RUSH: This from Politico.com. Headline: “Women, Minorities Added to Roster in Charlotte — Democratic National Convention organizers on Friday released the names of more expected speakers in Charlotte, and the lineup reflects a heavy focus on women and minorities,” which is right up Bill Clinton’s alley with Hillary Clinton halfway around the world in New Zealand. “Not unexpectedly, House Minority Leader Rep. Nancy Pelosi and Senate Majority Leader Harry Reid are among the newly announced speakers…”
They were not going to be there. “Pelosi will lead a special presentation of other female House members, including Rep. Rosa DeLauro, Rep. Donna Edwards, Rep. Carolyn Maloney, Rep. Gwen Moore, Rep. Allyson Schwartz, and Rep. Nydia Velasquez (sic), according to CNN. It’s unclear if they will have full speaking roles,” or if they’ll be just objectified. Uh, just put up on stage so people say, “Look! Women!” Only an hour of it’s televised. (interruption) I don’t think this bunch…
Well, let’s not even say that. “The announcement brings the number of female participants to 28, out of a total of 61 people who will take the stage identified so far. Also added to the roster are Rep. Judy Chu (D-CA), chair of Congressional Asian Pacific American Caucus; Rep. Emanuel Cleaver, chair of the Congressional Black Caucus; Rep. Charlie Gonzalez, chair of the congressional Hispanic Caucus; and Rep. John Lewis.”
So they are scrambling now with all these late additions. The Democrat Party is trying to make itself appear to be something that it isn’t: friendly to minorities. Do you know what the black unemployment rate is in America? Try 14%. Do you know what the Hispanic unemployment rate is in America? Try over 10%. Women have lost most of the jobs under the failed regime of Obama. But, of course, the exact opposite picture is one that must be presented.
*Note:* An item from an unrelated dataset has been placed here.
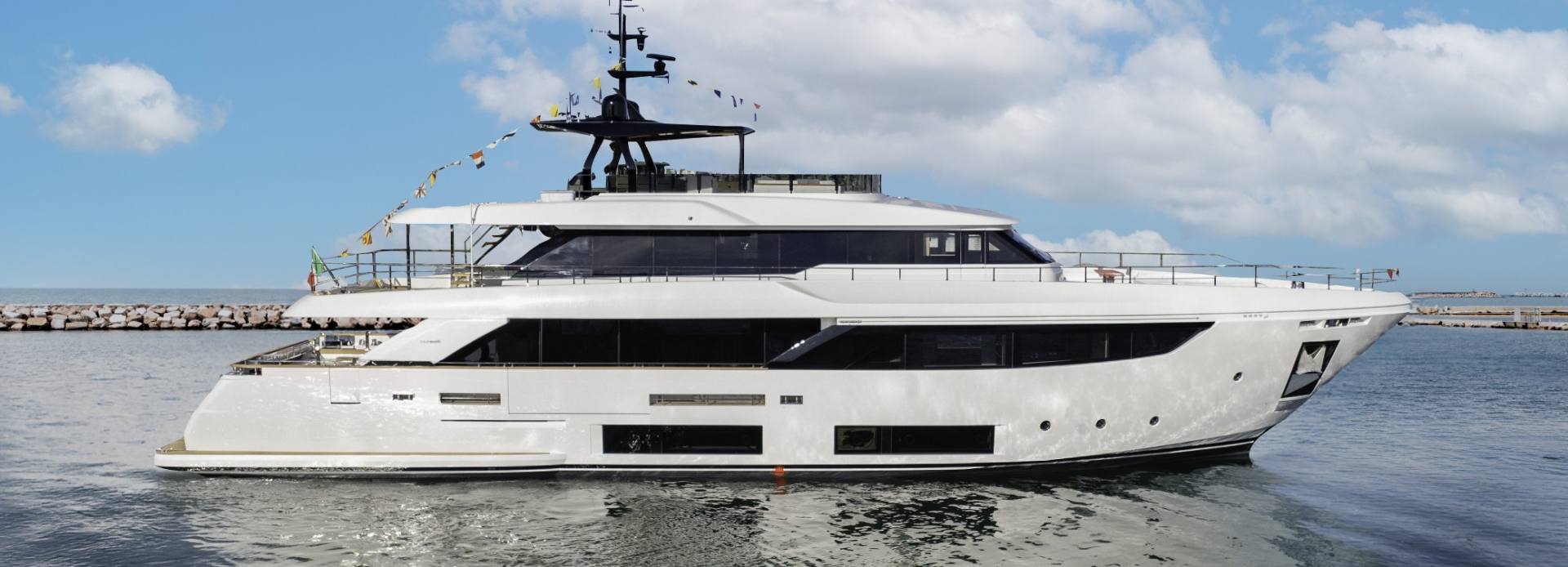 Plan B yacht, Custom Line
From the New York Times: “Democrats Outline Convention Schedule — Just when it seemed as if there could not possibly be any more red, white and blue speeches ringing across the airways from the convention floor, the Democrats are unveiling their counterpunch to the Republican…” You know this is gonna be great. Ah, they think they have to go out there and look patriotic now. They don’t know how to do that, and that’s gonna be funny to watch.
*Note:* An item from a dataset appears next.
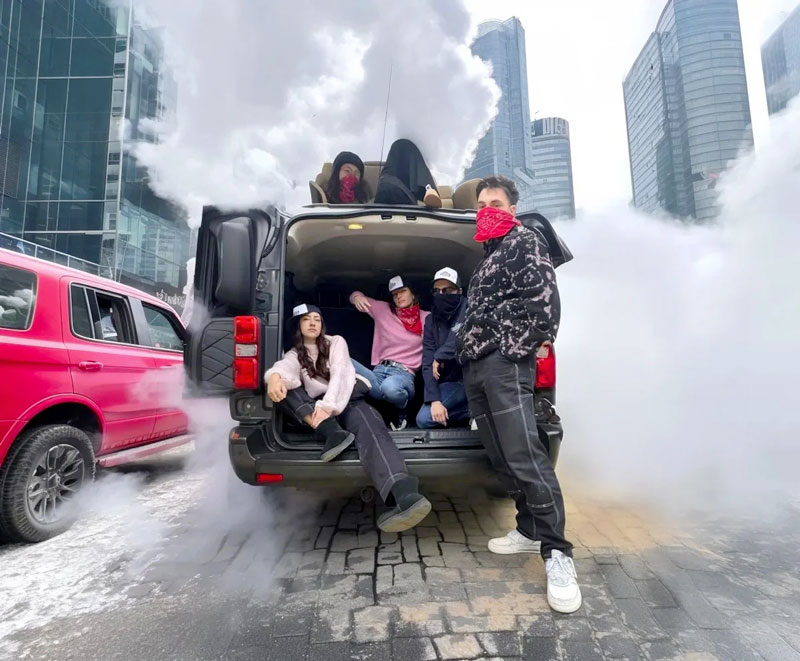 Pochette d'album - Team building clip IA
Remember, this is the New York Times: “Unlike the Republican National Convention, which had to be cut short to three days because of Hurricane Isaac, the Democratic festivities … were always scheduled for three days…” No, they weren’t. No, they weren’t. They had to cancel a day for lack of interest and money. This news is not that old. It’s only a month or so old. They didn’t have interest or money for a fourth day. Remember they were gonna do a deal at the beach or something?
Yeah, they were going to do a deal at the racetrack. That’s right. They were gonna do a deal at the racetrack, and a bunch of Democrats said, “Are you kidding? We’re not coming down there! We don’t want to go to North Carolina anyway, and then you’re gonna take us to a NASCAR track? To hell with that!” So they canceled the date, and then they said it was because of money. But it was originally scheduled for four days. They don’t have the money for a third day, and the unions aren’t forking up enough for a fourth day.
Then on Wednesday night is the NFL opener, the Cowboys at the Giants. That’s eight o’clock on NBC, and they’re not leaving the football coverage. That’s Clinton night, I believe. I don’t know if Clinton is gonna speak before eight. Wait, is Tuesday night Clinton night? I don’t remember. Here you have a convention, a party, and what is their slogan? “Forward!” And everybody with a prominent role in this convention is out of Jurassic Park, led by Bill Clinton.
I don’t know when he’s scheduled to speak, but the NFL usually opens on Thursdays, and that woulda put ’em up against Obama. So NBC went to the NFL and said, “Look, we can’t go up against Obama.” Everybody readily agreed. So they moved the NFL opener to Wednesday. So that night will not be on NBC, and there will not be very many people watching the convention that night anyway because it is the NFL opener.